Shane Shmuel

DEI and the Normalization of Hate in the West

Diversity, Equity and Inclusion (DEI) has become the moral currency of modern Australia. From boardrooms to classrooms, government departments to universities, no institution dares operate without proclaiming its commitment to inclusion and respect.

But between the polished language of policy and the reality on our streets, something has gone badly wrong. Antisemitism, that ancient hatred we swore would never return is back, louder and more brazen than it has been in decades. Hate speech, once confined to the internet’s underbelly, is now shouted openly and excused as “free expression.”

Across Sydney and Melbourne, antisemitic chants have echoed from the Opera House to the Harbour Bridge, becoming a routine feature of city protests. We’ve even reached the point where a neo-Nazi rally in Sydney, explicitly targeting Jews, barely provokes outrage, a chilling sign of how normalized hate has become.

In Melbourne, the reality is impossible to ignore. At the Garden of Eden Nursery in Albert Park, a 24-year-old Israeli woman applied for a job and received this message in reply:

“Free Palestine and end genocide NOW. You’re complicit in it … Good luck on your journey and I hope you leave Melbourne soon!”

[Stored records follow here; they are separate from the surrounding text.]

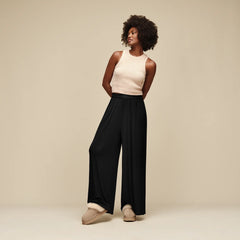 Women's Imogen Wide Leg Pant Rib - BLACK
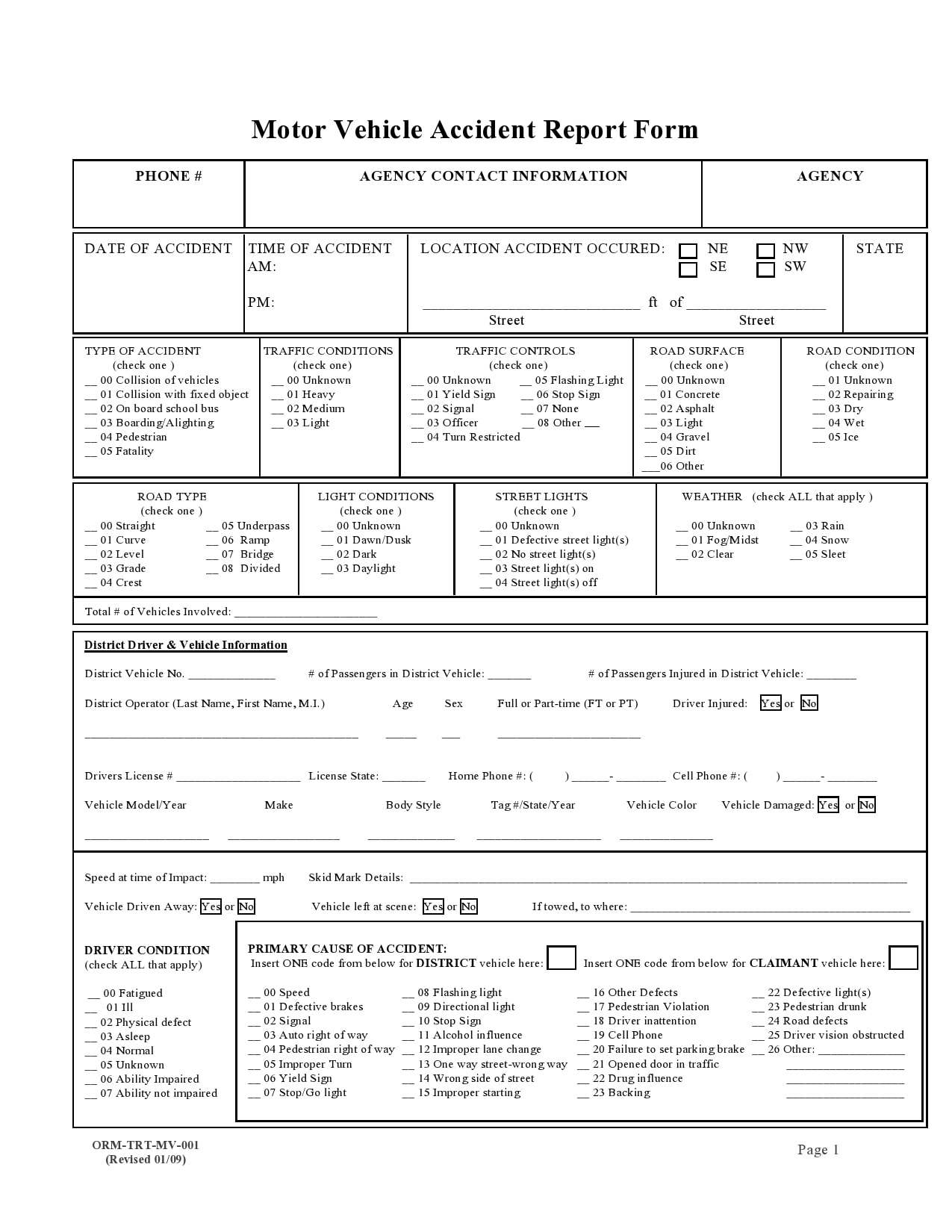 accident report form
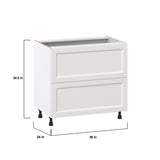 Hugo&Borg Riviera 36-in W x 34.5-in H x 24-in D Bright White 2-Drawer Base Fully Assembled Cabinet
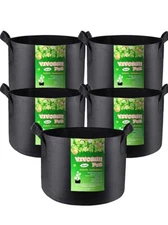 VIVOSUN 1 Gallon Heavy Duty Fabric Pots Grow Bags with Handles - 5 Pack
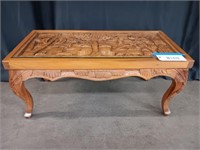 INCREDIBLE HAND CARVED TEAK ASIAN COFFEE TABLE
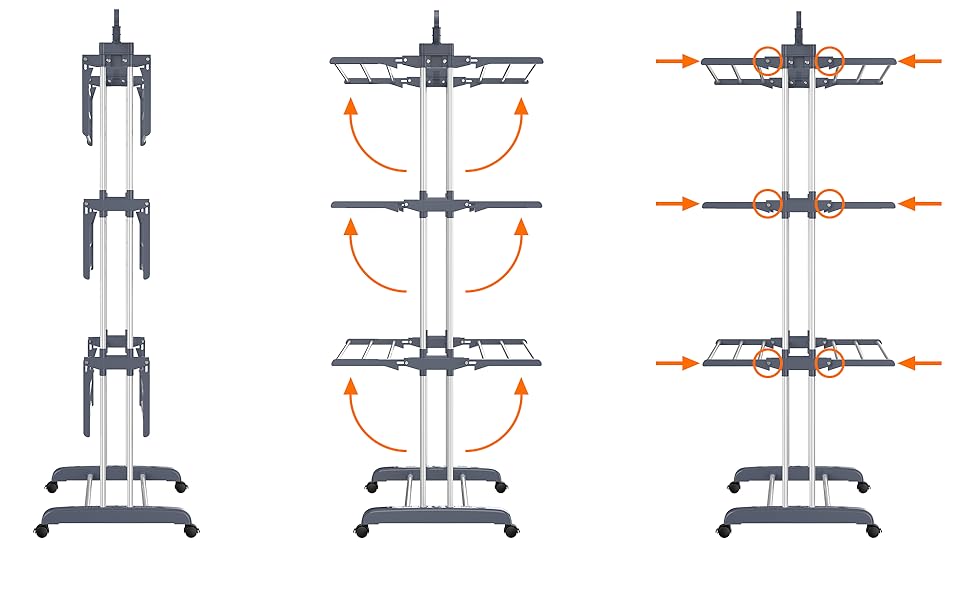 Сушарка для білизни Turm, турбо сушарка для білизни з 6 розкладних крил та 2 бічні крила, мобільна сушарка для білизни з колесами для дому та вулиці (сіра)
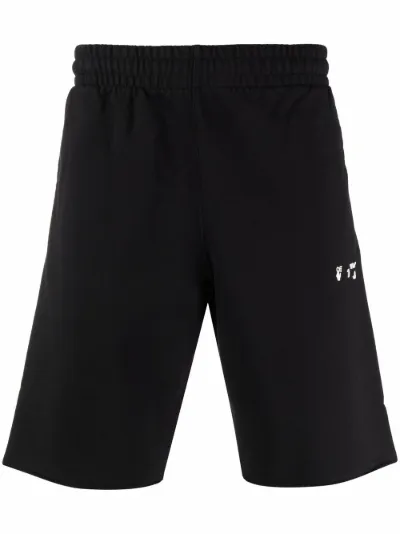 Off-White raw-cut hem track shorts 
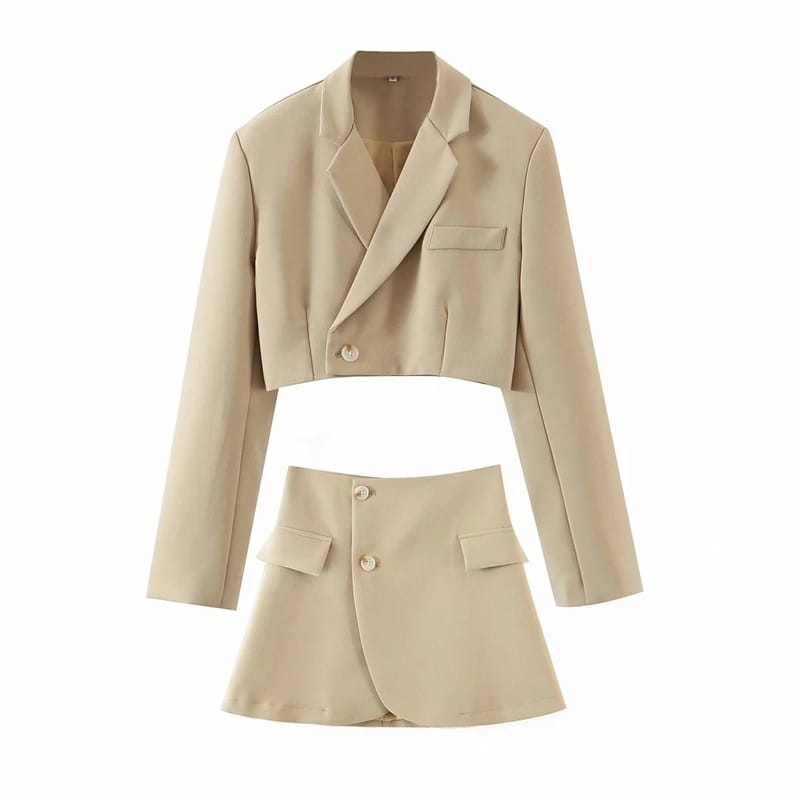 Women Beige Two Piece Skirt Set with Cropped Blazer Jacket and Wrap Mini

The co-owner reportedly told her she lacked “humanity” and that the job had gone to “someone with a semblance of humanity and who cares for plants, animals, and the environment.”

At Juniper Salon in Bentleigh, an Israeli customer was told, after the owner heard his accent:

“You’re a baby killer. Get out.”

And at Ray White Real Estate, a senior partner stood down after social-media posts included:

“The most Jew thing I’ve ever seen. Who builds a house at a sacred site? Yep, only a money-hungry Jew. $$$$$ Child murdering [pig emoji].”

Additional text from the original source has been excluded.